ACTIVITY —
All pictures are to be omitted while the lines starting at the line with "2017 CHEVROLET Express - Image 13" and ending at the line with "A man deep in worship" in the material below are retyped exactly, both ends included.

MATERIAL FOR THIS EXERCISE —

####################

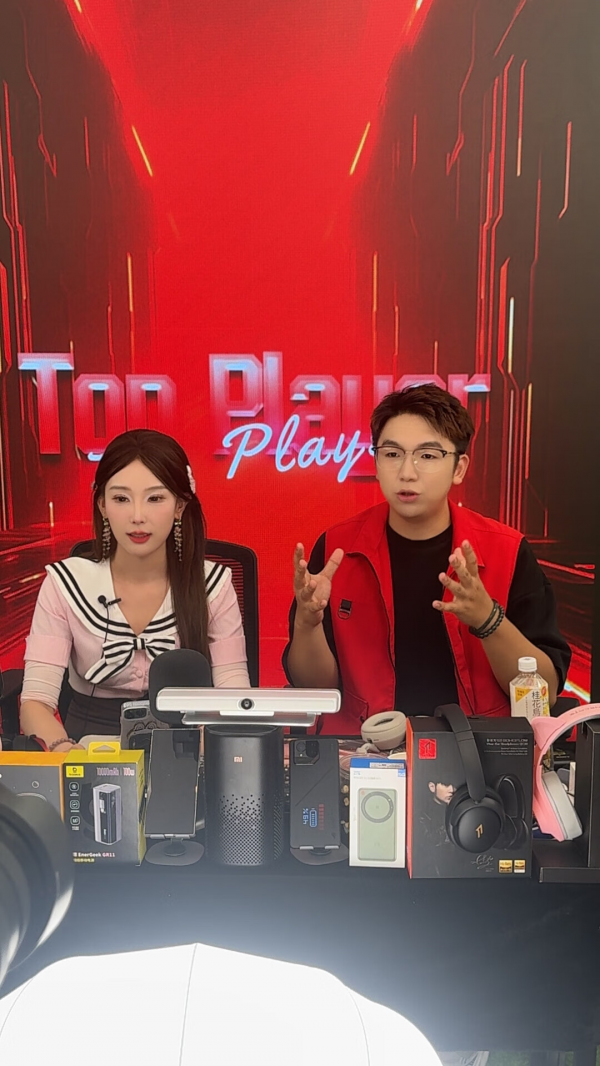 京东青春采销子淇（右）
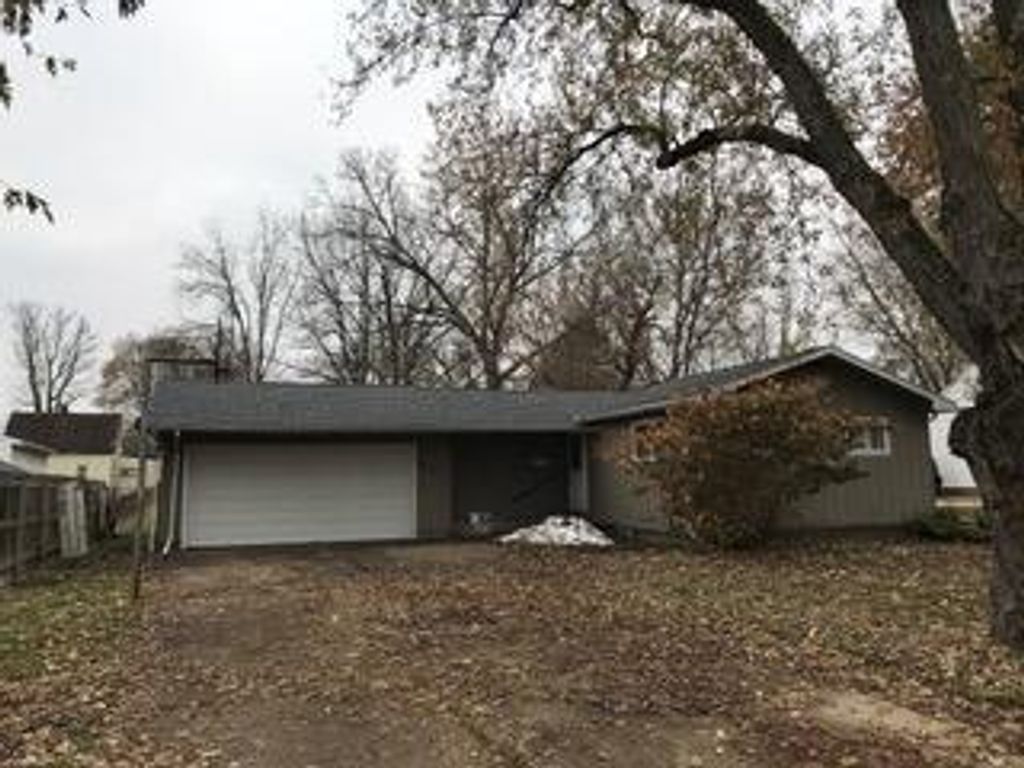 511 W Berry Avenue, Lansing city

####################

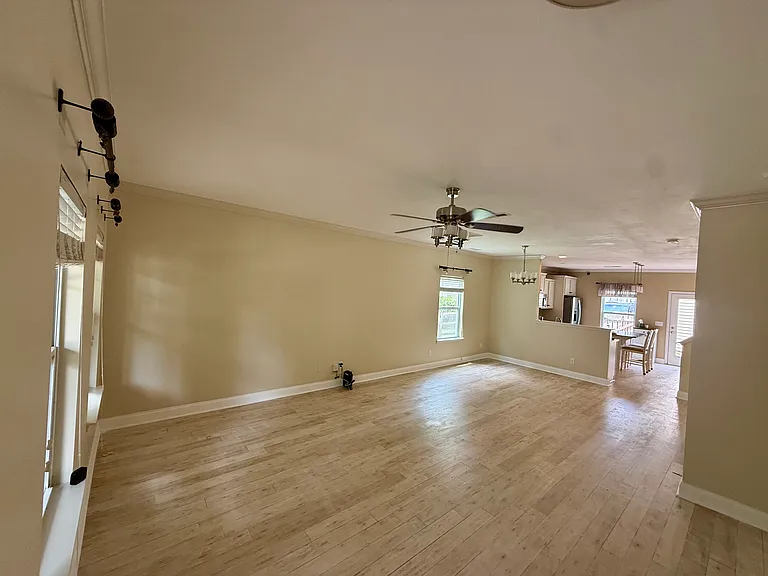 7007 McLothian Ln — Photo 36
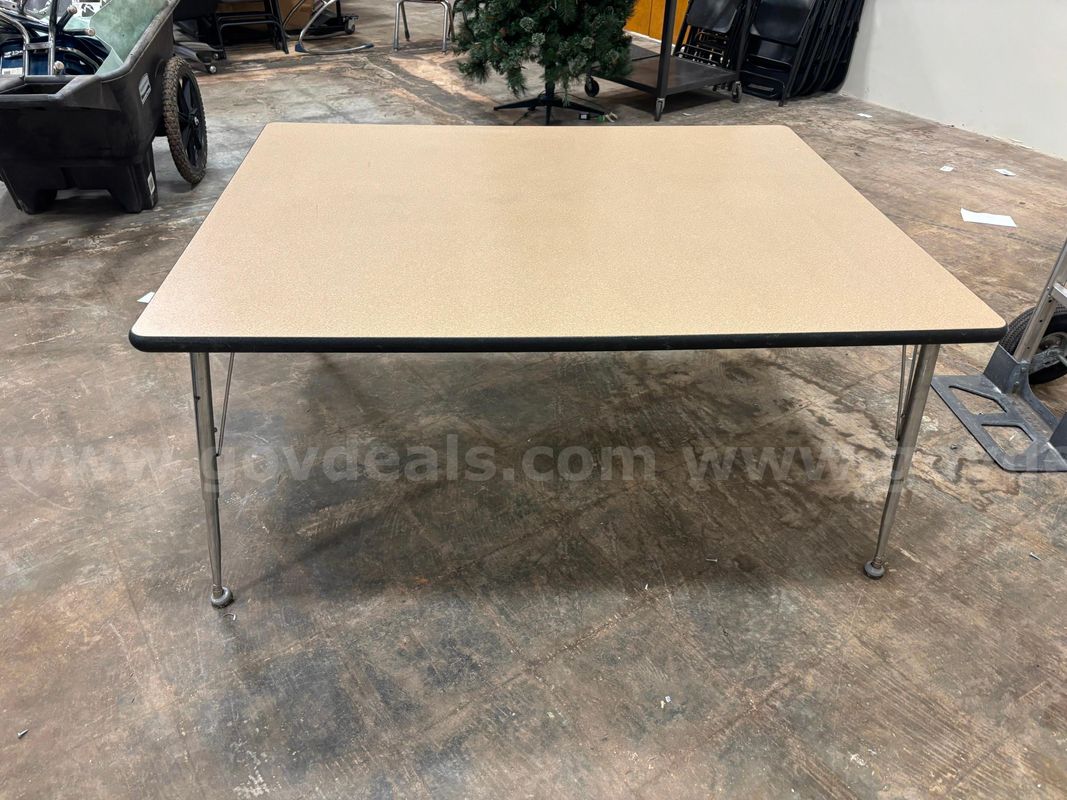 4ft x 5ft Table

####################

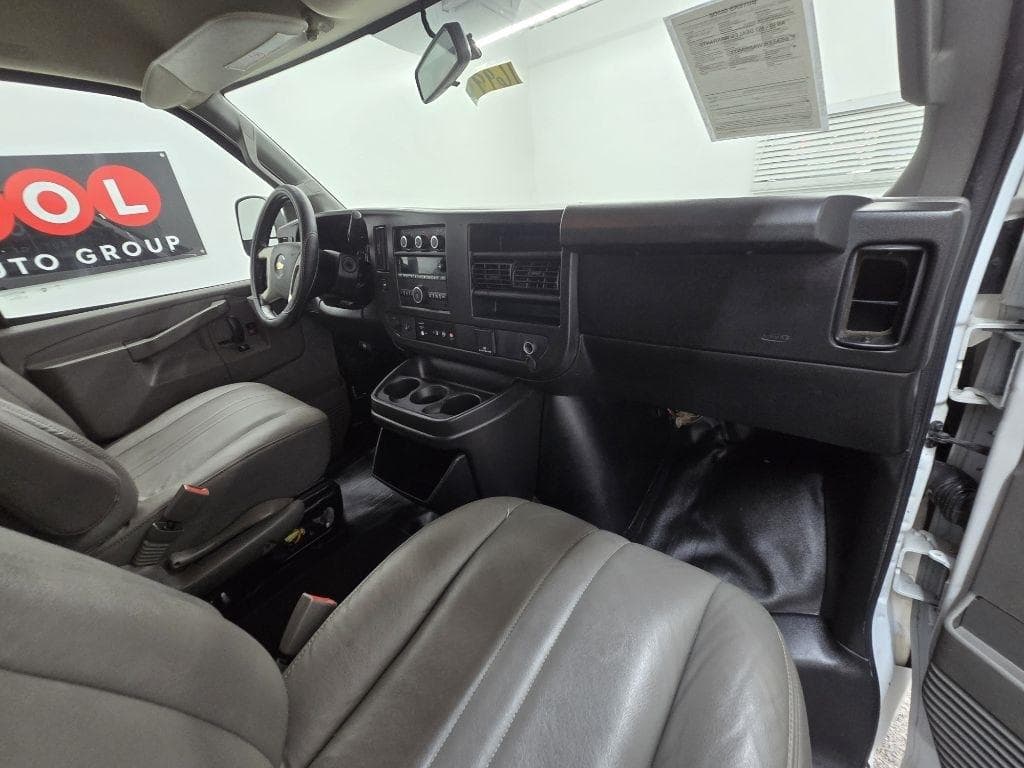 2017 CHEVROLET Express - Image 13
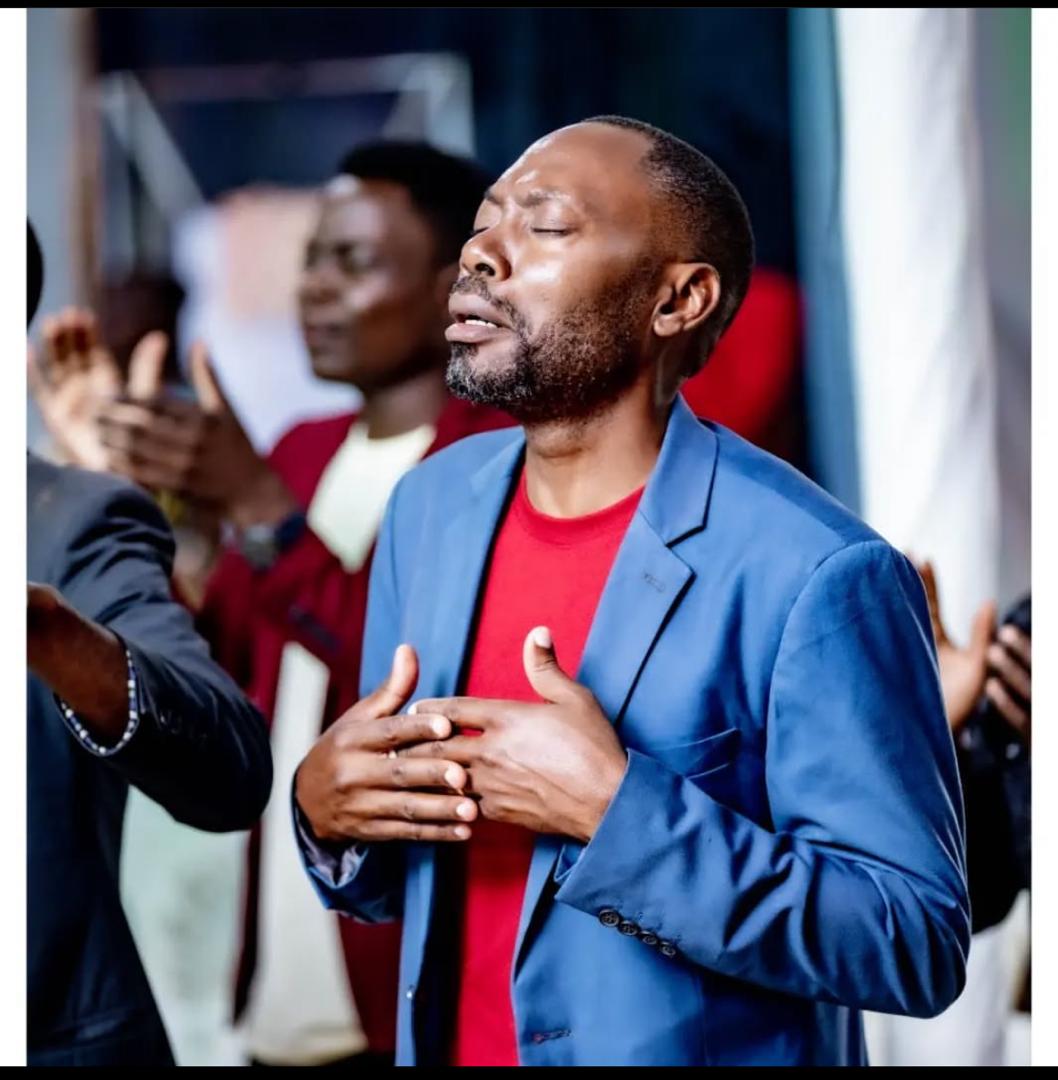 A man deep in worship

####################

ANSWER TO THIS PROBLEM —
 2017 CHEVROLET Express - Image 13
 A man deep in worship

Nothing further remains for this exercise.